In an example, the SMF may send to a network function a
subscription request message comprising the vehicle parameter. In
an example, based on the vehicle parameter, the network function
may determine a vehicle manufacturer name (VMN) and/or a vehicle
model. In an example, based on the vehicle parameter, the network
function may determine subscription service and bill payer
information. In an example, the network function may send to the
SMF a subscription response message. The subscription response
message may comprise the vehicle manufacturer name (VMN) and/or the
vehicle model. In an example, the subscription response message may
comprise the service and bill payer information. In an example,
based on the VMN and/or the vehicle model, the SMF may determine a
policy and charging control (PCC) rule, the PCC rule may comprise
the one or more charging parameters, and the one or more charging
parameters may comprise service and bill payer information. In an
example, the determining may be based on the subscription service
and bill payer information. In an example, the SMF may send to the
CHF a charging data request message, the charging data request
message may comprise the vehicle parameter, a vehicle manufacturer
name (VMN) and/or a vehicle model. In an example, based on the
vehicle parameter, vehicle manufacturer name (VMN) and/or the
vehicle model, the CHF may determine a quota for the wireless
device.

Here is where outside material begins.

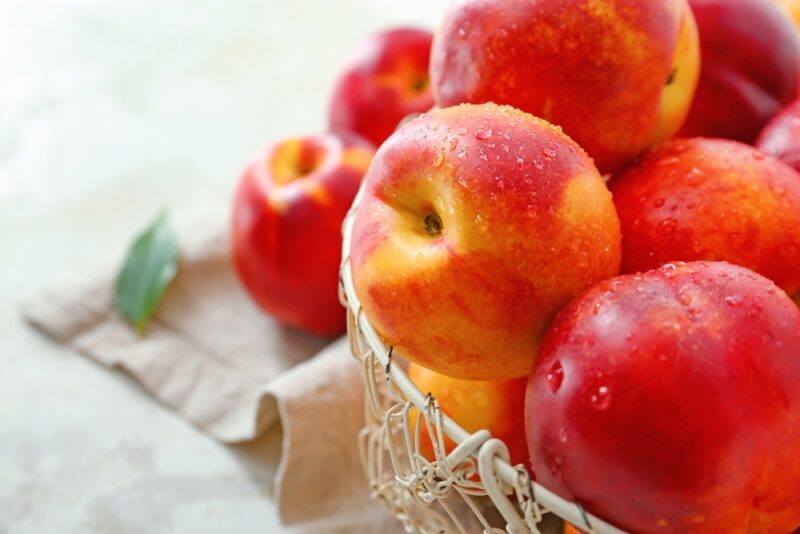 a closeup shot of nectarines on a weaved white metal basket, resting on top of a brown kitchen towel with a couple of nectarines and a leaf at the back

In an example, the CHF may send the determined quota to the
SMF.
[0418] In an example, the vehicle parameter may comprise a vehicle
identification numbers (VIN). In an example, the vehicle parameter
may comprise a UE identity of the wireless device. The UE identity
may comprise a subscription permanent identifier (SUPI). The UE
identity may comprise a subscription concealed identifier (SUCI).
The UE identity may comprise a permanent equipment identifier
(PEI). The UE identity may comprise a generic public subscription
identifier (GPSI). The UE identity may comprise a 5G globally
unique temporary identifier (5G-GUTI). The UE identity may comprise
a 5G S-Temporary Mobile Subscription Identifier (5G-S-TMSI). The UE
identity may comprise a source layer-2 ID. In an example, the UE
identity may comprise user biometric information. The user
biometric information may comprise finger-print information. The
user biometric information may comprise face recognition
information. The user biometric information may comprise voice
recognition information.
[0419] In an example, the SMF may receive from a UPF a first
network resources usage for the first service type. In an example,
the SMF may receive from a UPF a second network resources usage for
the second service type. In an example, based on the first service
type, the SMF may map the first network resources usage to the
first bill payer. In an example, based on the second service type,
the SMF may map the second network resources usage to the second
bill payer. In an example, the SMF may send a CDR to the CHF. The
CDR may comprise the first service type. The CDR may comprise the
first bill payer for the first service type. The CDR may comprise
the first network resources usage for the first service type. The
CDR may comprise the second service type. The CDR may comprise the
second bill payer for the second service type. The CDR may comprise
the second network resources usage for the second service type. In
an example, the SMF may determine a mapping table for the wireless
device. The mapping table may comprise at least one of: UE identity
of the wireless device; associated service type for the wireless
device; associated bill payer information for the wireless device;
associated at least one user plane rule for the wireless device;
associated vehicle manufacturer name for the wireless device;
associated vehicle model for the wireless device; associated PCC
rule for the wireless device; associated charging control rule for
the wireless device; or associated PDU session for the wireless
device.
[0420] In an example, a charging function (CHF) may receive from a
session management function (SMF) a charging request message. The
charging request message may comprise a UE identity of a UE and/or
a first charging data records (CDR) for the UE, and the first CDR
may comprises a first service type. The charging request message
may comprise a second CDR for the UE, and/or a second CDR. The
second CDR may comprise a second service type. In an example, based
on UE identity and/or the first service type and/or the second
service type, the CHF may map the first CDR to a first bill payer.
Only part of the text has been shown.